The Cork Education and Training Board (ETB) has confirmed it plans to lodge a planning application within weeks for three new schools in Carrigaline as part of a €19m investment in a new education campus.

The new schools — a gaelscoil, a second-level gaelcholáiste and a Sonas Special Junior Primary School — will cater for more than 1,000 pupils when they are completed and opened by 2017.

But the Cork ETB also announced yesterday that it will open a gaelcholáiste in a temporary building in the town in September 2015 in advance of the construction of the permanent building.

“Negotiations are at an advanced stage to secure suitable temporary accommodation in Carrigaline and there is no doubt that a gaelcholáiste will be opened by the ETB in Carrigaline in September 2015,” Cork ETB chief executive Ted Owens said.

Enrolment for the new second-level school will open soon and parents of prospective first-year students — students who are due to finish primary school education in June 2015 — will be contacted shortly to facilitate their enrolment in the gaelcholáiste.
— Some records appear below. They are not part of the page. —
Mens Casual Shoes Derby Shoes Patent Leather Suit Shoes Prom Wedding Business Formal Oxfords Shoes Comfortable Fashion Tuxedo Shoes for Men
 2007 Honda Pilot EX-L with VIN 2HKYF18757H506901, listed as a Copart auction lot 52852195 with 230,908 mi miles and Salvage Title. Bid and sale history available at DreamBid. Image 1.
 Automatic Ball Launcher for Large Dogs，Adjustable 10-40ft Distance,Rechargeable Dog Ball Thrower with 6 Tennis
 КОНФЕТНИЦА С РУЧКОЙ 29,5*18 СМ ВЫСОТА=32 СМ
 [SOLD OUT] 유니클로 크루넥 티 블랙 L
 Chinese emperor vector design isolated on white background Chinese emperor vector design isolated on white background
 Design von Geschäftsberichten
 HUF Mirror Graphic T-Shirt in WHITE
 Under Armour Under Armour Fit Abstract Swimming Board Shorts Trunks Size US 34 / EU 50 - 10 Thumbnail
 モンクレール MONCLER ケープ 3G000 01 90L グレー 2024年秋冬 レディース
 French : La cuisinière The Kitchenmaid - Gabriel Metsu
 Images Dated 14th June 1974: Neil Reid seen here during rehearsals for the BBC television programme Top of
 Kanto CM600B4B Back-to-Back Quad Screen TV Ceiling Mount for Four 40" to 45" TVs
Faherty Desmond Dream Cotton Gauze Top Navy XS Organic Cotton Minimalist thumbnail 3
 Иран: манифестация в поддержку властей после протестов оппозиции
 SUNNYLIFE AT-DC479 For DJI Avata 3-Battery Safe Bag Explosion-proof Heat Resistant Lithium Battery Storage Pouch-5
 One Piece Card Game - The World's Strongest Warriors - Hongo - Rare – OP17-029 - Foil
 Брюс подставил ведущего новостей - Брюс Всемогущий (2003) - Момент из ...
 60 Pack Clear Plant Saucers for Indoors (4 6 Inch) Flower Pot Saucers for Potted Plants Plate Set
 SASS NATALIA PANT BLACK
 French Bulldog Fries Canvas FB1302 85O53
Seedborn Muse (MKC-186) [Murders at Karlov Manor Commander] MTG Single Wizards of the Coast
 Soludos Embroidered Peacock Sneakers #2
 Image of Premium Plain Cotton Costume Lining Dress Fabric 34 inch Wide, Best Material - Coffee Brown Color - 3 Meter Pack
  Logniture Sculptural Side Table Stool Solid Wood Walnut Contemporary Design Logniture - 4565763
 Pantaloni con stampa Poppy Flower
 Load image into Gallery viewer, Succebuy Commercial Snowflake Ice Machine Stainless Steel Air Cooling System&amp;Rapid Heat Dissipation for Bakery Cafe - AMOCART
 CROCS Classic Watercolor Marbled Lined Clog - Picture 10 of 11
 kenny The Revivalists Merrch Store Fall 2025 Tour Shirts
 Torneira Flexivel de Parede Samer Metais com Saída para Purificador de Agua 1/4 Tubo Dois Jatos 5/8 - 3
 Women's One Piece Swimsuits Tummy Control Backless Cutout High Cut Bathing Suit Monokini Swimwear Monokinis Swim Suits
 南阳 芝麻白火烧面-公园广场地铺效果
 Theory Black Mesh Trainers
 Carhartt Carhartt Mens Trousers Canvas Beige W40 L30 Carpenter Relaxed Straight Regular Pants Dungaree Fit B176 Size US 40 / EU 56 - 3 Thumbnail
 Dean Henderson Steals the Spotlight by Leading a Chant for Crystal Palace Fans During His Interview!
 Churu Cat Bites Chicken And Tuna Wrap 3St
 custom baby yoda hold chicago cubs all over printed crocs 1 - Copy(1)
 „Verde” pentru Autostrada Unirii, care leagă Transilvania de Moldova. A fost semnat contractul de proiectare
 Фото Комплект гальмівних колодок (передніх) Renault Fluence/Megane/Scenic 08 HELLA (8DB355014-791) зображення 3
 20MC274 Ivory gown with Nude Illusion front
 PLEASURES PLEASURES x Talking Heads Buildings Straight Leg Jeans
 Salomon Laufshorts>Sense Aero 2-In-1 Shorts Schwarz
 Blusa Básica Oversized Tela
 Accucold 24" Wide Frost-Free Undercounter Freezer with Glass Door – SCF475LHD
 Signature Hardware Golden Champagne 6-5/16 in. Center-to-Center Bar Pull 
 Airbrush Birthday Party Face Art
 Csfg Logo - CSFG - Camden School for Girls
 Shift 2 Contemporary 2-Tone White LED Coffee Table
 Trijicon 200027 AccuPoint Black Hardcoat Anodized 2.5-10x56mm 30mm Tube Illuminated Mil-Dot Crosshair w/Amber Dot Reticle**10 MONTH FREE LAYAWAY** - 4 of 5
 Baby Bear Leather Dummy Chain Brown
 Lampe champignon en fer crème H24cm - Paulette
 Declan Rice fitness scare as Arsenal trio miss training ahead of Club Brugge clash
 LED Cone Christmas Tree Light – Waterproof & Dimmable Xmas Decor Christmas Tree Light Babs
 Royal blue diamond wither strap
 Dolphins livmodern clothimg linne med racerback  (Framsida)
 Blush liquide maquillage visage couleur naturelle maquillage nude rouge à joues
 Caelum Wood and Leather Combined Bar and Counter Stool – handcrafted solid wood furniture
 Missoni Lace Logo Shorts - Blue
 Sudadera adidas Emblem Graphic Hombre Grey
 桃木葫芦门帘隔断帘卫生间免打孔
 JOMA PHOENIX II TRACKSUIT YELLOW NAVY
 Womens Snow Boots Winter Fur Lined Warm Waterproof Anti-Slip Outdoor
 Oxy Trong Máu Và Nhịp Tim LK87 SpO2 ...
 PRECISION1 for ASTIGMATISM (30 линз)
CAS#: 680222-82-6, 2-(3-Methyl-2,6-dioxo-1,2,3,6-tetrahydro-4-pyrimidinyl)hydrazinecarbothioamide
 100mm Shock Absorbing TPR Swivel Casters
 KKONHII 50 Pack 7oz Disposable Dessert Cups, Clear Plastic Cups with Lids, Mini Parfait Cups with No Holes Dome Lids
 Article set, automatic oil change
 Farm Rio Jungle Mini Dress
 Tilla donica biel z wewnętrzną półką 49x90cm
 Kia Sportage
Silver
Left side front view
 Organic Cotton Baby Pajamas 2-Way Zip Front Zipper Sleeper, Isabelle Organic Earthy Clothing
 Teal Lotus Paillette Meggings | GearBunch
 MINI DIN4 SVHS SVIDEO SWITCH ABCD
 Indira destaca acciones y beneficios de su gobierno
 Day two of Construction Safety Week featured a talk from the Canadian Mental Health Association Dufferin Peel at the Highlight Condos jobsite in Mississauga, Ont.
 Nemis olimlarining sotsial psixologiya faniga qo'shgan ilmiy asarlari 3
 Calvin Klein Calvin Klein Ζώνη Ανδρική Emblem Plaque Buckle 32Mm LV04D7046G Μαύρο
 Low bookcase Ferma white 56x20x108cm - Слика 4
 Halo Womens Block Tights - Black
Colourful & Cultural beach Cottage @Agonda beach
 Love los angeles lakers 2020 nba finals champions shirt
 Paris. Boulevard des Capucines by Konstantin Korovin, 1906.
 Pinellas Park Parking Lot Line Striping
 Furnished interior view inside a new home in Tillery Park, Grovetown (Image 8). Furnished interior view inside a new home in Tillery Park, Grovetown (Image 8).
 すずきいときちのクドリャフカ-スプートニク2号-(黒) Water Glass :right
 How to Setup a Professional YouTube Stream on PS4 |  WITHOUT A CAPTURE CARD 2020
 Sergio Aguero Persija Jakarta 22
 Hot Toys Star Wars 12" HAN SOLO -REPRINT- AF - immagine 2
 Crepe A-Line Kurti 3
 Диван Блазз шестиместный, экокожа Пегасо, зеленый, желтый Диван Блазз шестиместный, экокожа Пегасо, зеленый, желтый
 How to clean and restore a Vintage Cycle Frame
Cork ETB will be patron of the 500-pupil 4,800sq m gaelcholáiste, which will have 24 general classrooms as well as specialist accommodation and a PE hall.

Project planning and preparation for the new education campus has been under way since a 21-acre site at Ballinrea was bought a number of years ago — the consultants for the project are Cork company Kelly Barry O’Brien Whelan.

Mr Owens said consultation with local groups had been ongoing throughout that time.

He accepted the preparatory work for an education investment of this scale had taken time and stressed that it is now “full steam ahead” on the project.

“Cork ETB is extremely excited about this project and is looking forward to working with our partners to develop a state-of-the-art education campus for Carrigaline,” he said.

The Cork ETB gaelcholáiste is one of three new second-level schools planned in Carrigaline, after the Department of Education approved the Edmund Rice Schools Trust and multi-denominational body Educate Together as patrons of two others following local consultations.

Both those new schools are scheduled to open in 2016 and plans are being advanced by local groups to secure sites and buildings with the help of the Department of Education, and to develop policies with parents of prospective students.

In addition, a major extension to Carrigaline Community School is due to be ready for occupation during the next school year.

Mr Owens wished the patrons of the two proposed new schools well as they advance with their projects.

He said the Department of Education is of the view that such is the population of Carrigaline and the city’s southern suburbs that the provision of all these new schools is justified.